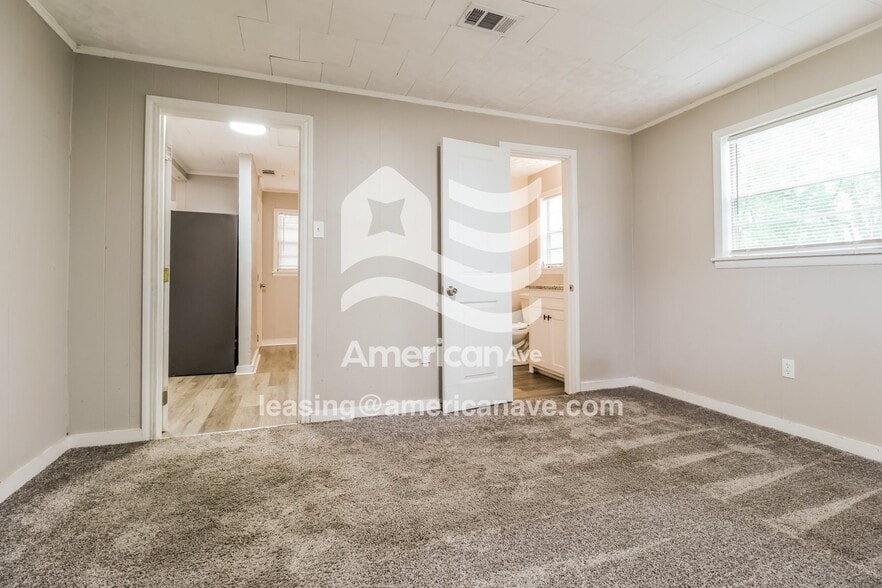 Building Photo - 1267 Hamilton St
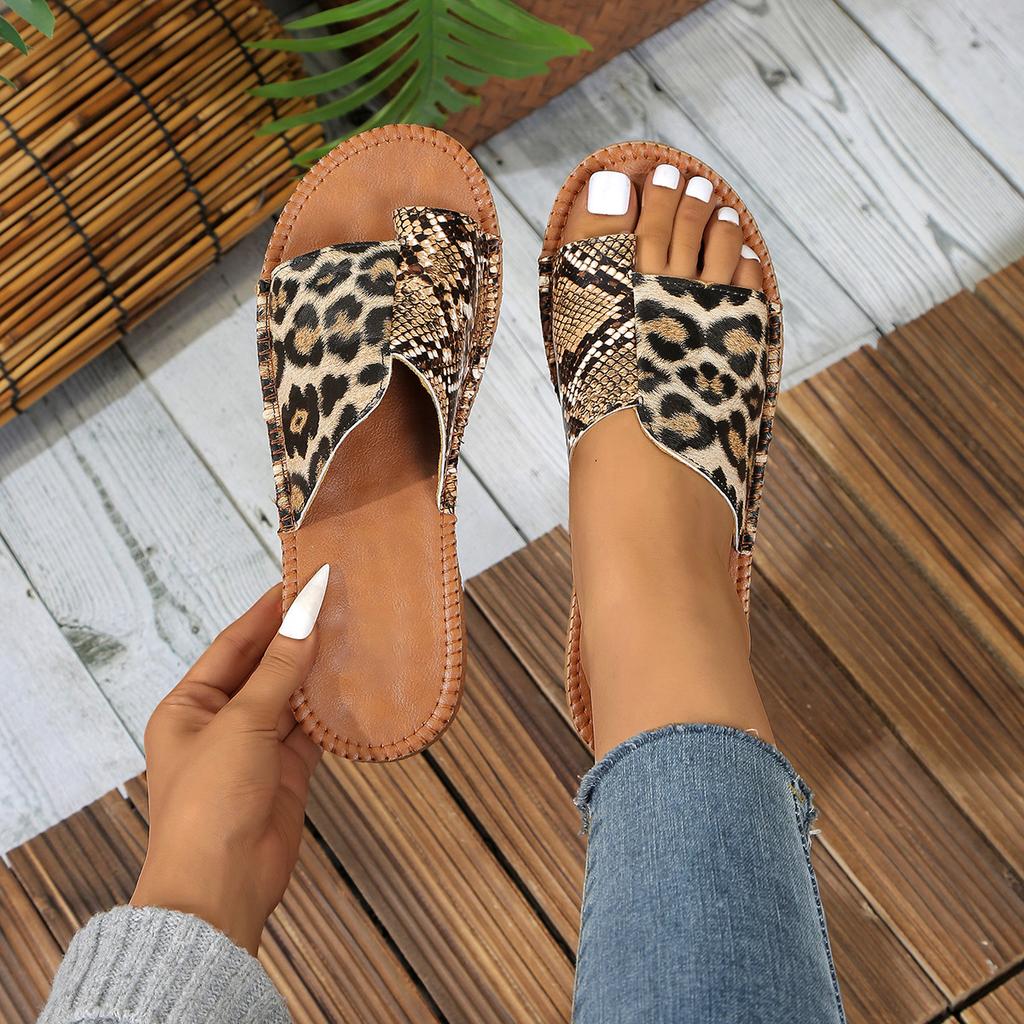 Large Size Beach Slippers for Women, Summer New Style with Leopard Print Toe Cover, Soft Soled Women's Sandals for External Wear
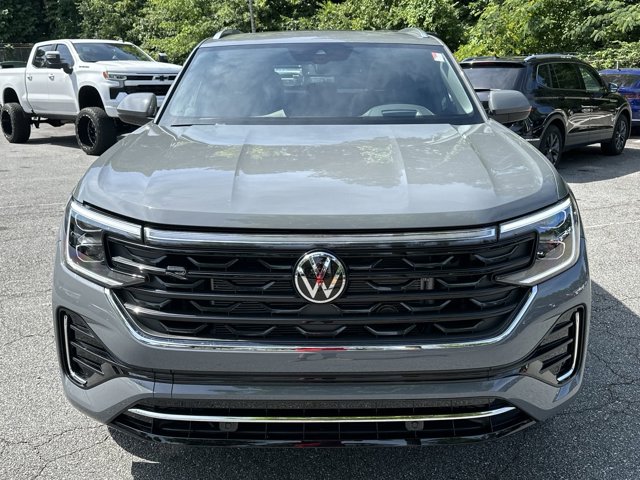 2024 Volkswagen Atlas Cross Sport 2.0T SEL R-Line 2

★ ★ ★ ★

Reproduce the whole listing above word for word, dropping each image.

 Building Photo - 1267 Hamilton St
 Large Size Beach Slippers for Women, Summer New Style with Leopard Print Toe Cover, Soft Soled Women's Sandals for External Wear
 2024 Volkswagen Atlas Cross Sport 2.0T SEL R-Line 2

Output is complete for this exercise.